Con toda su tristeza, yo necesito el silencio de estos días. Sin él, es difícil escuchar cómo resuena el relato de la Pasión en este momento de mi vida —de nuestras vidas— ni sentir cómo la Palabra sale al encuentro en estos dos días en que no se celebra la Eucaristía. Un día pregunté a aquel capellán, medio en serio medio en broma, cómo describiría su trabajo. Su respuesta, humilde y maravillada, me fulminó como un rayo de luz y belleza: «Yo traigo a Cristo al mundo cada día».

En estos días de recogimiento, Cristo parece ausentarse del mundo.
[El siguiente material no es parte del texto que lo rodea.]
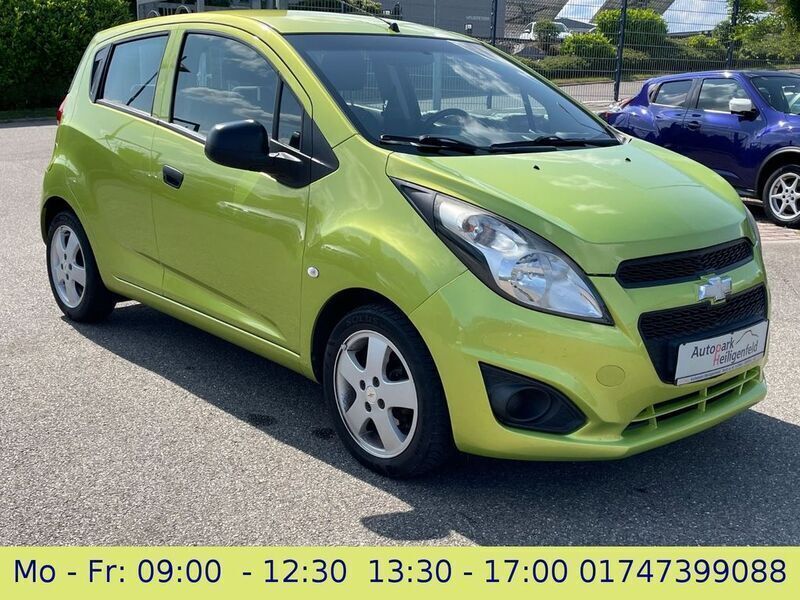 Grün Gebraucht 2013 Chevrolet Spark LS Kleinwagen | 2.499 € (Fairer Preis) - Bild 1/4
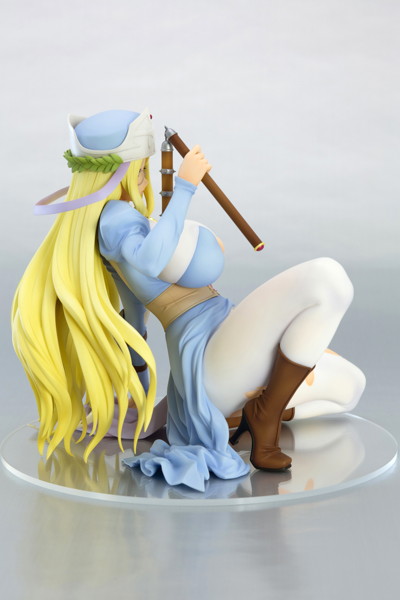 クイーンズブレイド 美しき闘士たち 帝都の聖女 メルファ-いのうえたくやver.--4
Su descenso a los infiernos para rescatar a Adán y Eva —el tema de la Anástasis tan querido en el Oriente— parece una retirada, pero no hay mayor intervención de Dios en la historia: en este tiempo, en que todo parece perdido, se están abriendo de nuevo las puertas del Paraíso.

Queda poco tiempo de luz.

Leo en El poder oculto del silencio en la Misa. Una guía para encontrar a Cristo en la liturgia, el precioso libro de Boniface Hicks que acaba de publicar Rialp, el primer capítulo, que se dedica al silencio en la oración. Recuerdo con esperanza las palabras de Benedicto XVI en Varsovia allá por 2006: «No hay que desanimarse porque la oración requiere esfuerzo o por tener la impresión de que Jesús calla. Calla, pero actúa».